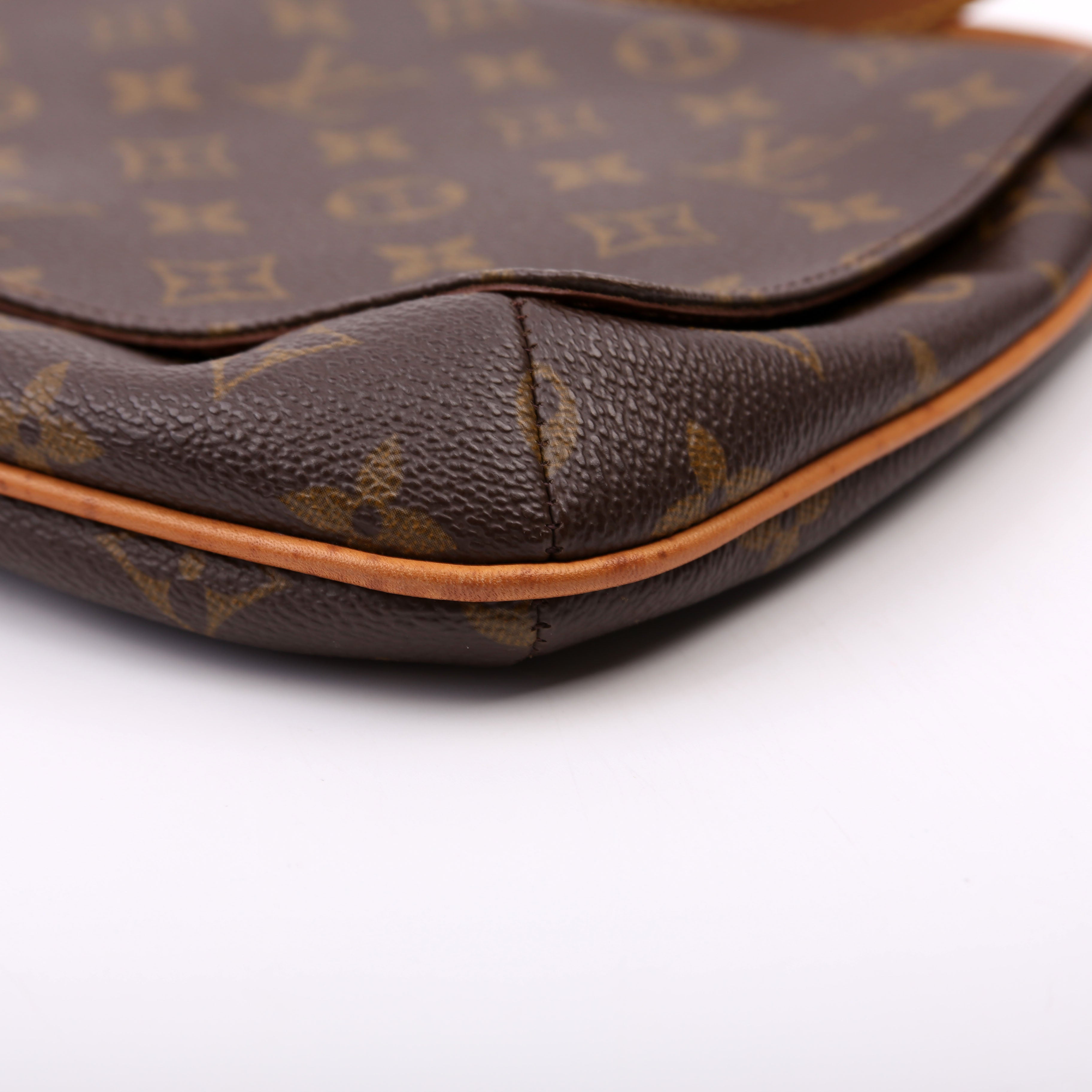 Musette Tango Long Monogram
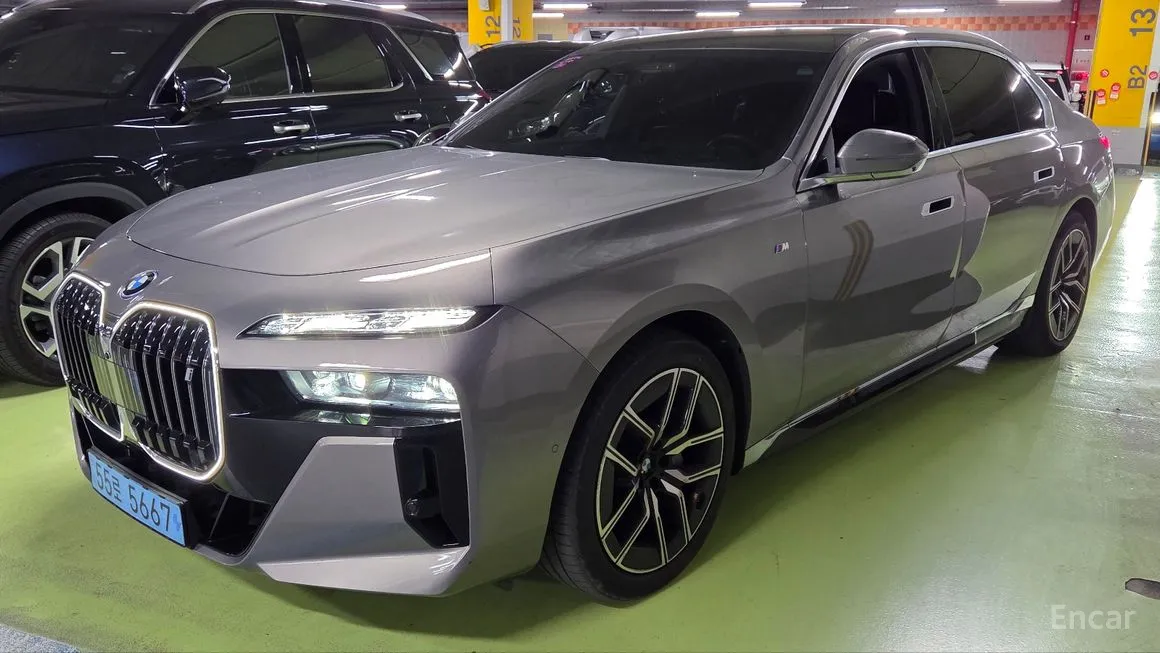 BMW i7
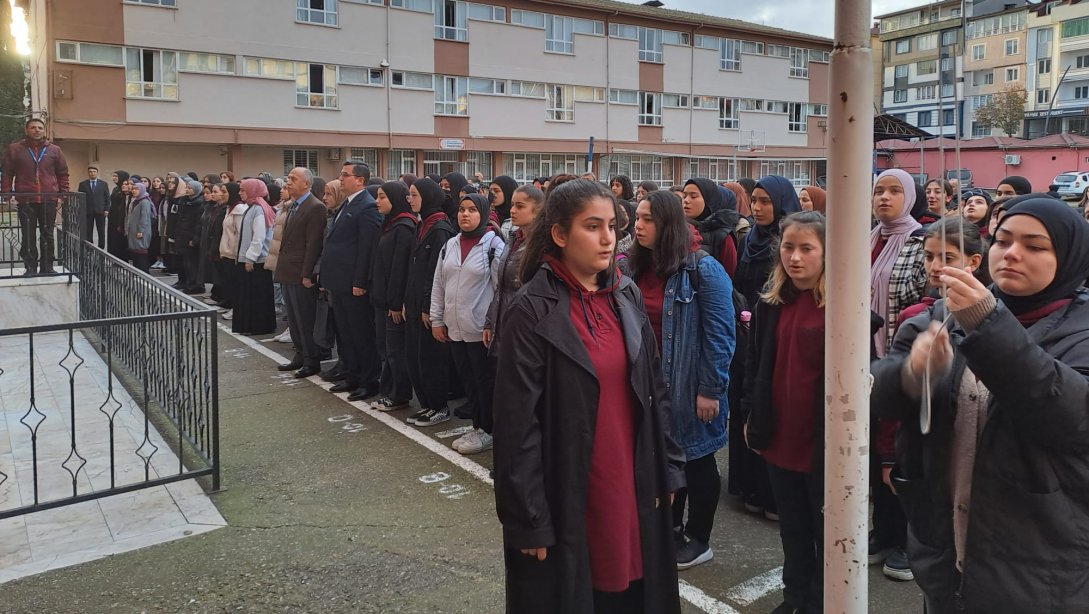 İlçe Milli Eğitim Müdürümüz Onur Bekyürek Altınordu Kız Anadolu İmam Hatip Lisesini Ziyaret Etti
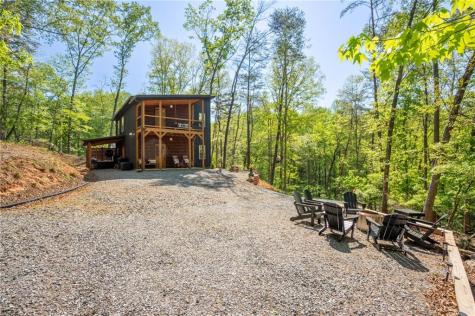 200 Echo Lane Ellijay GA 30540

==========

# What needs to be done:
No pictures should appear in the copy. Reproduce exactly the lines from the line containing "İlçe Milli Eğitim" through the last line of the data, inclusive.

# Reply to the exercise:
 İlçe Milli Eğitim Müdürümüz Onur Bekyürek Altınordu Kız Anadolu İmam Hatip Lisesini Ziyaret Etti
 200 Echo Lane Ellijay GA 30540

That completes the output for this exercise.